■ Working data ■
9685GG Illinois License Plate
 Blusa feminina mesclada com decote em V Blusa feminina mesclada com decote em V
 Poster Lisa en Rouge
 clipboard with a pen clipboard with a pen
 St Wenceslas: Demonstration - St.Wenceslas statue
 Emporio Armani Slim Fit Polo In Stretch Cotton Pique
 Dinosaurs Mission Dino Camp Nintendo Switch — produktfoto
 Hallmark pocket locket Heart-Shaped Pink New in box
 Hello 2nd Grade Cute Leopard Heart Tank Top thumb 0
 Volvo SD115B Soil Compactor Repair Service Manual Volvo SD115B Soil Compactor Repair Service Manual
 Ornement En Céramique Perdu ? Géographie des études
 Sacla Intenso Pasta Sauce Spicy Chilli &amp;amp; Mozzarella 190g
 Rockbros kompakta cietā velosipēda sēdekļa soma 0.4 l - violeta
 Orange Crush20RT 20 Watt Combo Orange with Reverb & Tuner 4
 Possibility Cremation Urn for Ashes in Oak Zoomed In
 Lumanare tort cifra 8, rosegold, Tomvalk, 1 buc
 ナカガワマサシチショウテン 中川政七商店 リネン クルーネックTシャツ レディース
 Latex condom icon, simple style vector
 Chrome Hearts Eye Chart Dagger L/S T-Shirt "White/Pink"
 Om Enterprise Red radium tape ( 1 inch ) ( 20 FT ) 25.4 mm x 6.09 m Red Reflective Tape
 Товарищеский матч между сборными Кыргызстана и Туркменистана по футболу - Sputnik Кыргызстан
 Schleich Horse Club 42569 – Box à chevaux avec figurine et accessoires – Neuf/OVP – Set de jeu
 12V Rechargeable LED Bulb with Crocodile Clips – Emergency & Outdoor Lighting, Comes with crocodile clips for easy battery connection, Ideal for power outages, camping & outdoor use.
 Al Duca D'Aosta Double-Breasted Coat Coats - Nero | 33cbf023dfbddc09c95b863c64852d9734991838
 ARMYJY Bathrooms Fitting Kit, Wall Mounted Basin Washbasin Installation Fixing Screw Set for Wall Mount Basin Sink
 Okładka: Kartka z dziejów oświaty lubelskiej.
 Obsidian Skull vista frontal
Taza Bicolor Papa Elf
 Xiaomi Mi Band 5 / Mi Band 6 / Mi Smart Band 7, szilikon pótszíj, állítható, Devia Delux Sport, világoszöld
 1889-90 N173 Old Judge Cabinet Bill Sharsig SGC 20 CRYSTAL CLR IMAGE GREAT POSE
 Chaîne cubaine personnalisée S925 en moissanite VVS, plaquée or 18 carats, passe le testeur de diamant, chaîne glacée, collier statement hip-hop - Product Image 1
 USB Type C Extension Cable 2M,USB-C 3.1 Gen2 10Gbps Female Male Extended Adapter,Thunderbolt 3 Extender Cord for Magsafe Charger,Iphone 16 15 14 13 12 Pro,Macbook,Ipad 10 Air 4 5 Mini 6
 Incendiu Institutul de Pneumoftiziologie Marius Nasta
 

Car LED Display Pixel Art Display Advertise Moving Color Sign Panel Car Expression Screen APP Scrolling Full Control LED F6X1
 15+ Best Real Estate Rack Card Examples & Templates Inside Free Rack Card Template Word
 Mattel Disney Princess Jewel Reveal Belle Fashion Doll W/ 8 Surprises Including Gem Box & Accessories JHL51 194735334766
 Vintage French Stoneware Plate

■ What to produce ■
Would you copy out every line in the records that includes the string "with"?

■ Solution ■
 clipboard with a pen clipboard with a pen
 Orange Crush20RT 20 Watt Combo Orange with Reverb & Tuner 4
 12V Rechargeable LED Bulb with Crocodile Clips – Emergency & Outdoor Lighting, Comes with crocodile clips for easy battery connection, Ideal for power outages, camping & outdoor use.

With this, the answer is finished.